For the construction of plasmid pLG19, the relA ORF was amplified by PCR with primers relA6F/relA2633R and cloned in plasmid pTZ57R/T. The resulting plasmid was digested with BamHI/SacI and ligated in the same sites of plasmid pACT3. Plasmid pBS32 was obtained by ligating the GmR gene from pKNOCK-Gm digested with HincII into pLG19 DraI sites.The resulting plasmid pBS32 is CmS and GmR.

P1 Transduction

Transduction of chromosomal markers were performed with phage P1 vir essentially as described [27]. LRT9 can be transduced with P1 though less efficiently than E. coli K-12 strains [33].

ppGpp assay

For amino acid starvation, exponentially-growing cells were resuspended in T-salts minimal medium [28] supplemented with 0.2% glucose, 0.25 mM 32P-KH2PO4 and grown for 1 h. Amino acid starvation was started by adding 1 mg/ml serine hydroxamate (SH) to the cultures. Samples were collected at several time points following SH addition and immediately mixed with a 0.5 volume of cold formic acid. ppGpp under non-starving conditions was assayed by resuspending an overnight LB culture in DMEM containing only 0.25 mM KH2PO4 and 100 μCi 32P. After 2 hours 0, 1, 10 or 100 μM IPTG were added. ppGpp was extracted and detected as described above. Following overnight incubation at −20°C, the extracts were centrifuged for 5 minutes at 10,000 rpm to precipitate cell debris, and 5 μl were applied to PEI-cellulose TLC-plates. The labeled nucleotides were resolved by one-dimensional TLC using 1.5 M KH2PO4 as a solvent. The amounts of ppGpp on the chromatograms were estimated by scanning the radioactivity of the spots in a Cyclone Plus storage phosphor system (Perkin Elmer) and calculating the level of ppGpp relative to that of GTP + ppGpp. The densitometric analysis was performed with the help of the software OptiQuant. Alternatively, the TLC plates were exposed to X-ray films and the densitometric analysis of the spots was performed with the software ImageJ [34].

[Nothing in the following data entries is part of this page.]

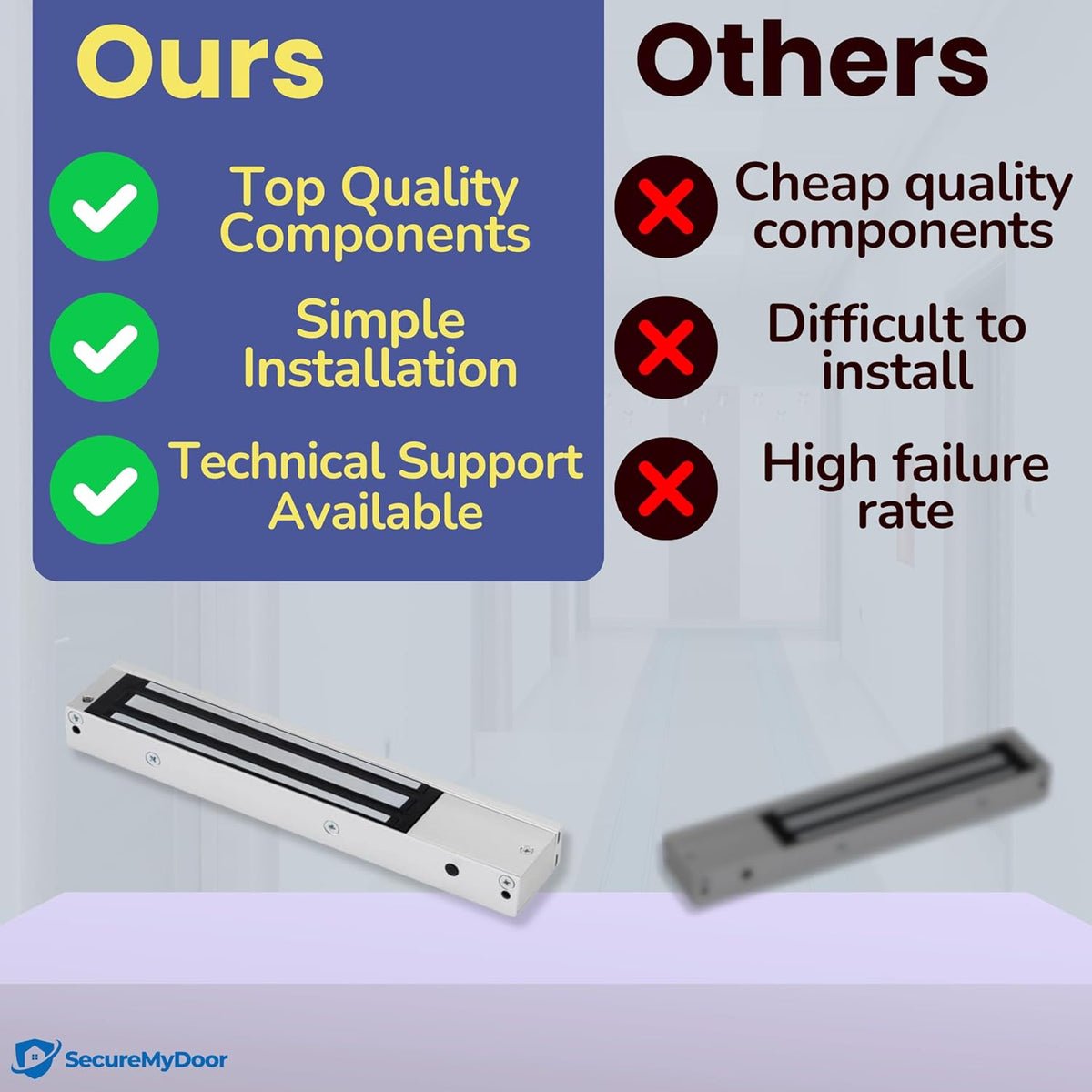 Magnetic Door Lock - Fail Safe 272KG Holding Force - Mini Magnet EM Maglock for Out Swinging Doors - Ideal for Commercial, Residential, and Industrial Buildings - SecureMyDoor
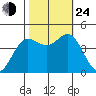 Elkhorn Slough tide chart for Thursday, October 24, 2024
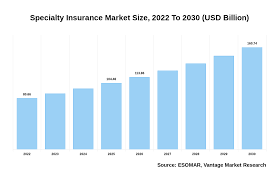 Vantage Market Research gambar png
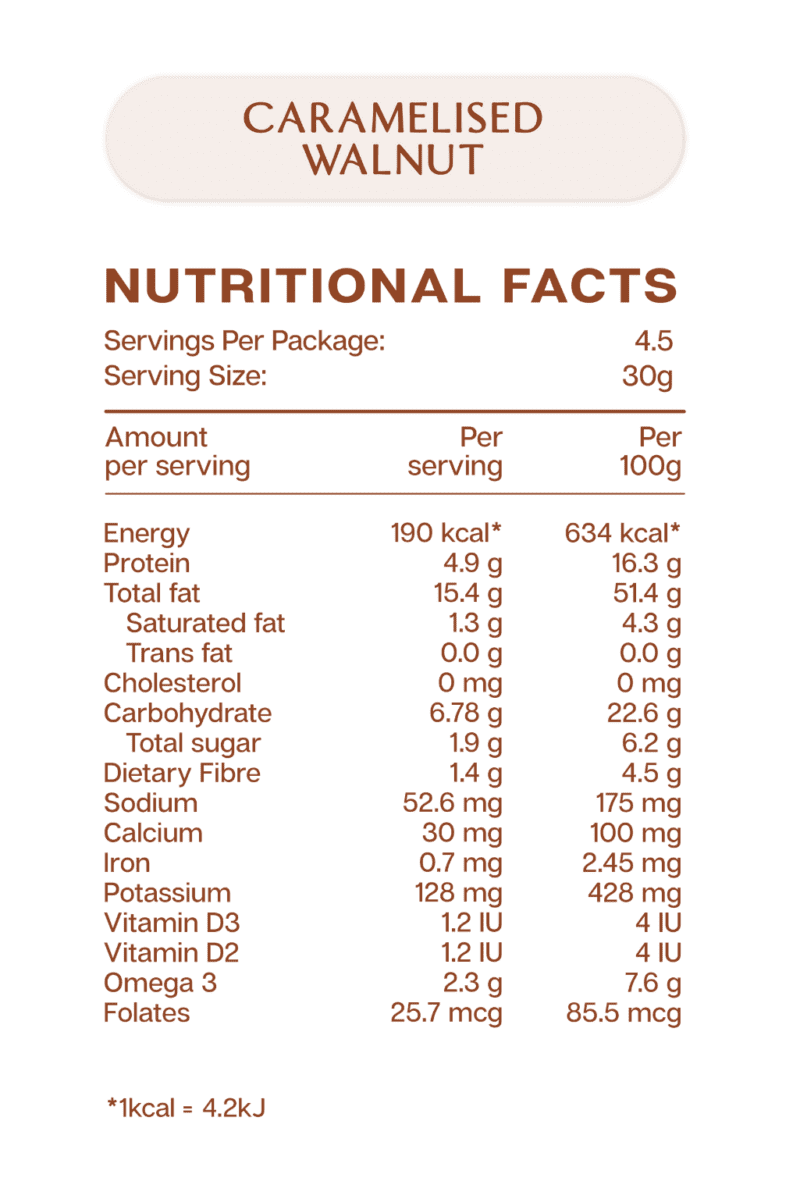 nutritional caramelised walnut PreggyNourish Bundle
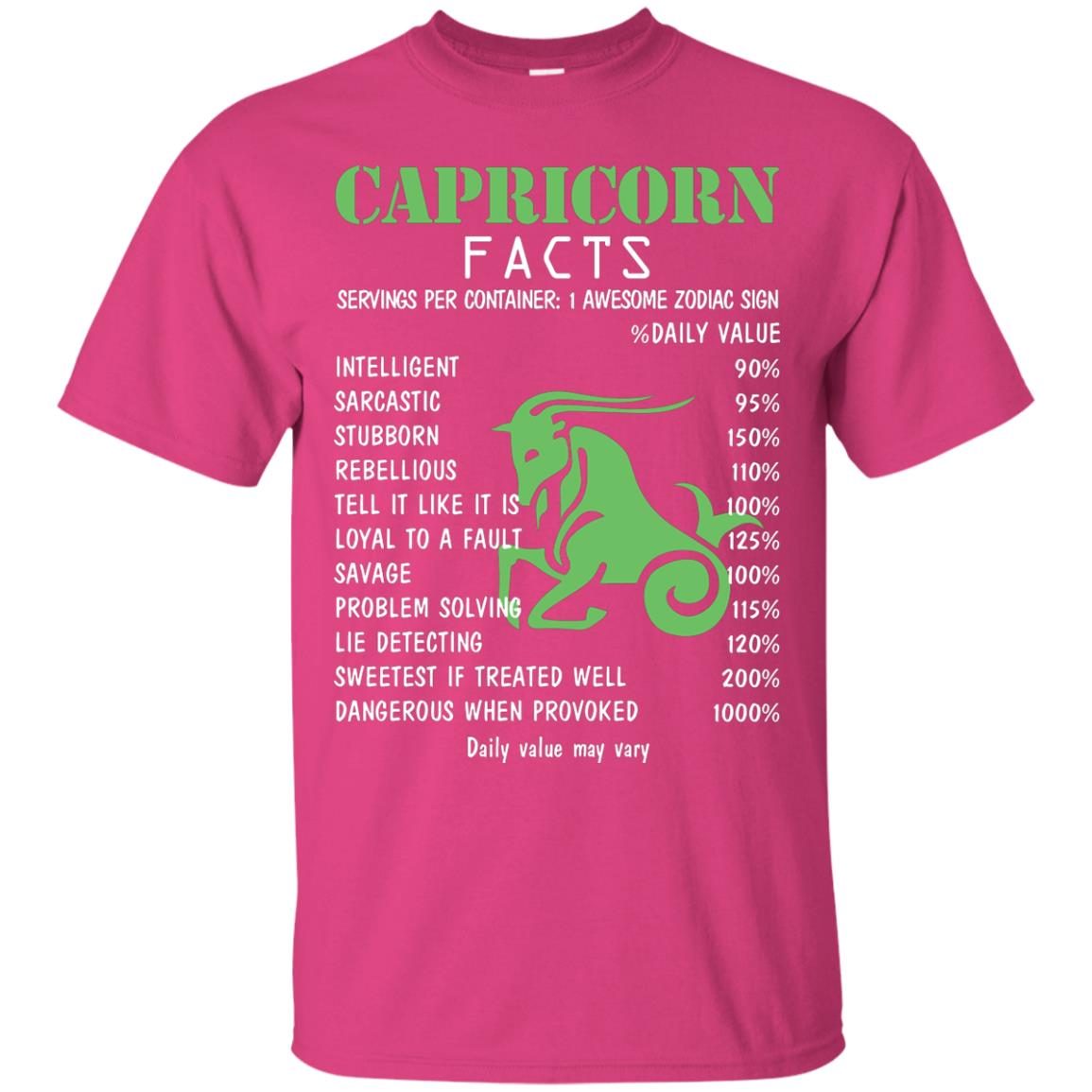 Capricorn Facts 1 Awesome Zodiac Sign Gift Shirt For Capricorn Horoscope Heliconia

ΔrelA mutants are sensitive to the histidine analogue Amino-1,2,4-triazole (AT). Plates were prepared as described [29]. LRT9 derivatives were streaked on AT plates and incubated at 37°C for 24–48 h.

Adherence assay

A suspension containing 105 HEp-2 cells in 1 ml DMEM supplemented with 10% FCS was added to each well of a 24-well tissue plate and grown for 48 h at 37°C with 5% CO2. The medium was removed from the cell monolayer and replaced with 1 ml of fresh DMEM supplemented with 2% FCS and 1% mannose. At this point, 5×107 bacteria previously grown for 18 h in LB medium at 37°C were added to each well. After 3 h of incubation, the cell monolayer was washed six times with phosphate-buffered saline (PBS) to remove the non-adherent bacteria. The monolayer containing the adhered bacteria was treated with 1 ml 0.1% Triton X-100 in PBS for 5 minutes, bacteria were further diluted in PBS, plated onto LB-agar and incubated at 37°C for 24 h. On the next day, colonies were count and the number of colony forming units per ml (CFU/ml) was calculated.

β-galactosidase assay

Bacteria transformed with plasmid pGM17 were grown overnight in LB medium and diluted 100 times in DMEM. Samples were harvested every hour and assayed for growth (OD600) and β-galactosidase. When plasmid pLG19 was present, increasing concentrations of isopropyl β-D-1-thiogalactopyranoside (IPTG) were added to the cultures as specified in the text. The β-galactosidase assay was performed as described [27]. Briefly, 800 μl of buffer Z (16.1 g/l Na2HPO4, 5.5 g/l NaH2PO4, 0.75 g/l KCl, 0.25 g/l MgSO4·7H2O and 2.7 ml/l β-mercaptoethanol) were added to 200 μl of permeabilized cells and the reaction was started with the addition of 200 μl of a 4 mg/ml ortho-nitrophenyl-galactoside (ONPG) solution. Samples were incubated at 32°C until a yellow color developed and 500 μl of a 1 M Na2CO3 solution was added to terminate the reaction. The reaction product was read at 420 nm and Miller units were calculated.

Western-blot analysis

Cells grown overnight in LB were diluted in 10 ml DMEM containing 2% FCS to a final OD600 of 0.025 and incubated at 37°C without agitation up to the mid-late exponential phase. Proteins were extracted from 109 bacteria by resuspending in 100 μl of 5× diluted Lane Marker Sample Buffer (Thermo Scientific) and boiling for 5 minutes. 10–20 μl of each sample were resolved by SDS-PAGE and transferred to a nitrocellulose membrane. Immunoblotting was performed with an anti-FLAG M2 primary antibody (Sigma) followed by a peroxidase conjugate of anti-mouse imunnoglobulin G as secondary antibody. Protein bands were detected using the SuperSignal West Pico Chemiluminescent system (Pierce), as recommended by the manufacturer.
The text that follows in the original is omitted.